What is required — When you copy the records that follow, please keep every word exactly as it is and leave out the pictures.

Records for this exercise —
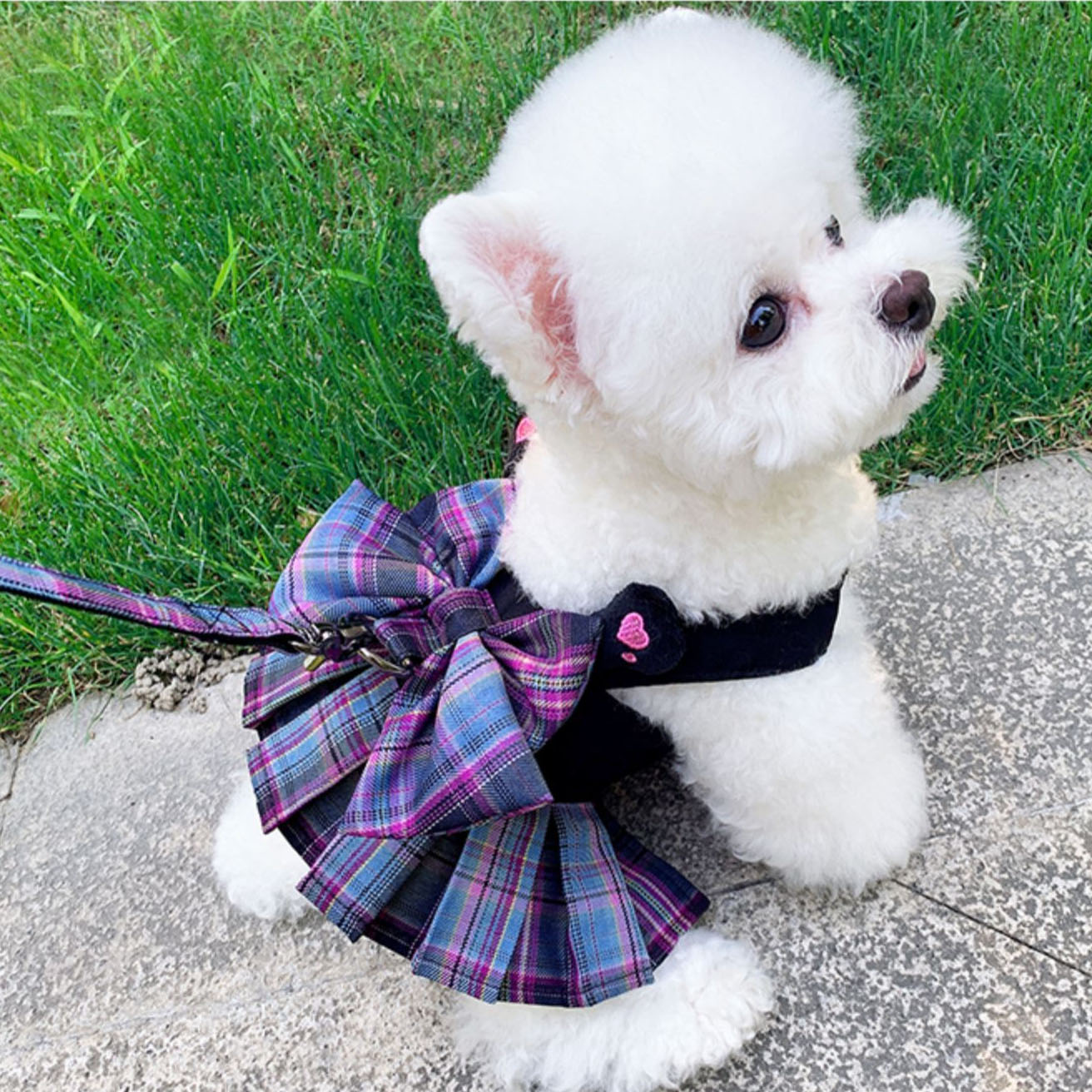 체크 리본 강아지 원피스 하네스 옷 리드줄 포함 애견 나시 드레스 강아지옷 제품 이미지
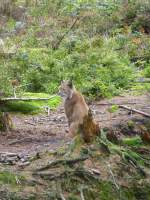 Ein Luchs sitzt im Freigehege.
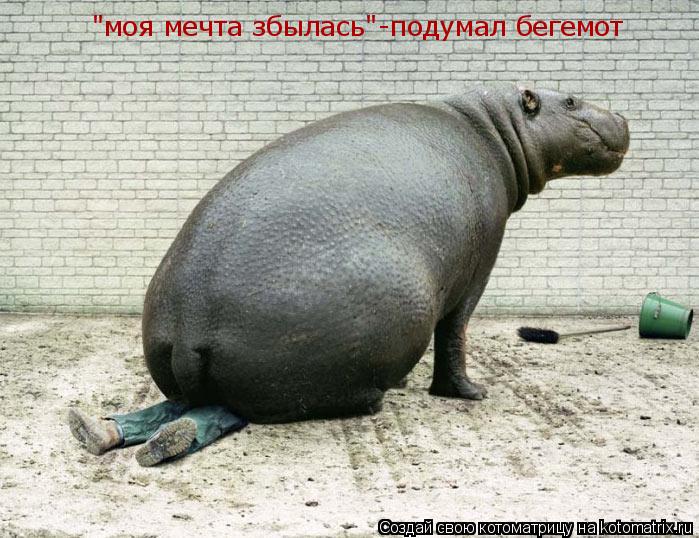 "моя мечта збылась"-подумал бегемот... Котоматрица: "моя мечта збылась"-подумал бегемот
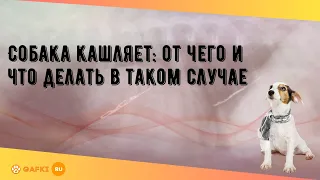 Собака кашляет: от чего и что делать в таком случае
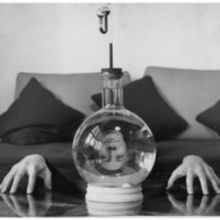 Napa Valley Museum Yountville Announces Opening Exhibits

Exercise output —
 체크 리본 강아지 원피스 하네스 옷 리드줄 포함 애견 나시 드레스 강아지옷 제품 이미지
 Ein Luchs sitzt im Freigehege.
 "моя мечта збылась"-подумал бегемот... Котоматрица: "моя мечта збылась"-подумал бегемот
 Собака кашляет: от чего и что делать в таком случае
 Napa Valley Museum Yountville Announces Opening Exhibits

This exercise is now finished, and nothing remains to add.